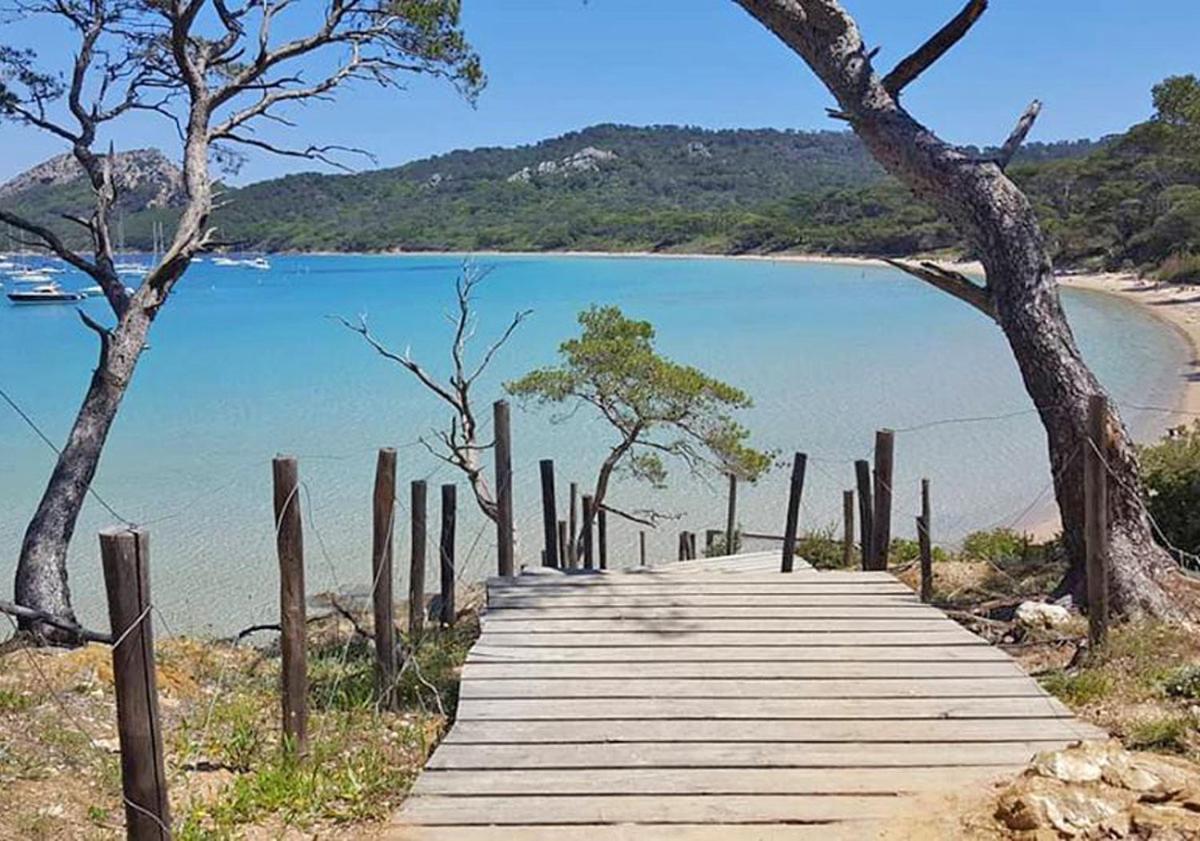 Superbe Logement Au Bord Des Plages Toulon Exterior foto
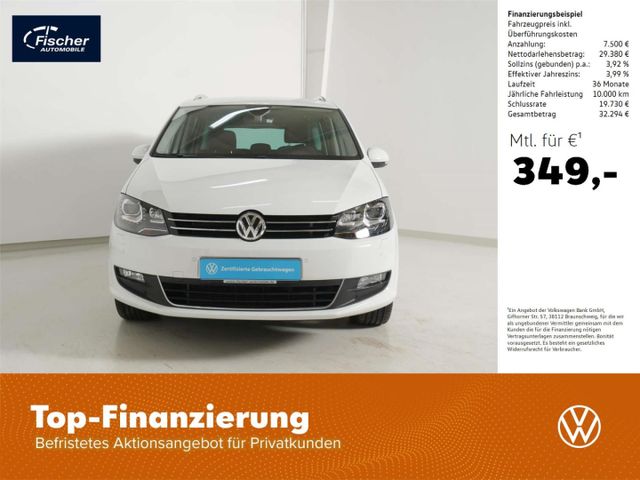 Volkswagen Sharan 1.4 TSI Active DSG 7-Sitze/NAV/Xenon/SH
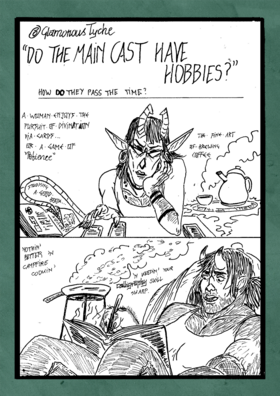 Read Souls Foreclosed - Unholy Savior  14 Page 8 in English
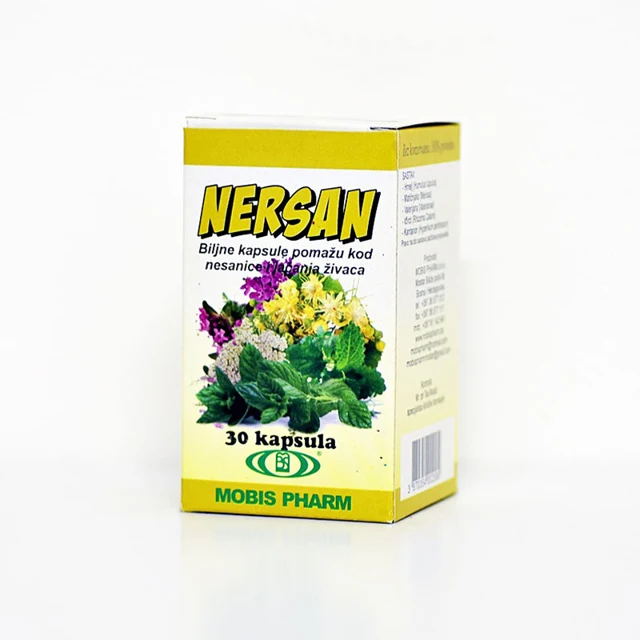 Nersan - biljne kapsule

_YOUR INSTRUCTIONS_
Only the pictures are to be left out; all other material is to be output exactly.

_ANSWER TO THIS EXERCISE_
 Superbe Logement Au Bord Des Plages Toulon Exterior foto
 Volkswagen Sharan 1.4 TSI Active DSG 7-Sitze/NAV/Xenon/SH
 Read Souls Foreclosed - Unholy Savior  14 Page 8 in English
 Nersan - biljne kapsule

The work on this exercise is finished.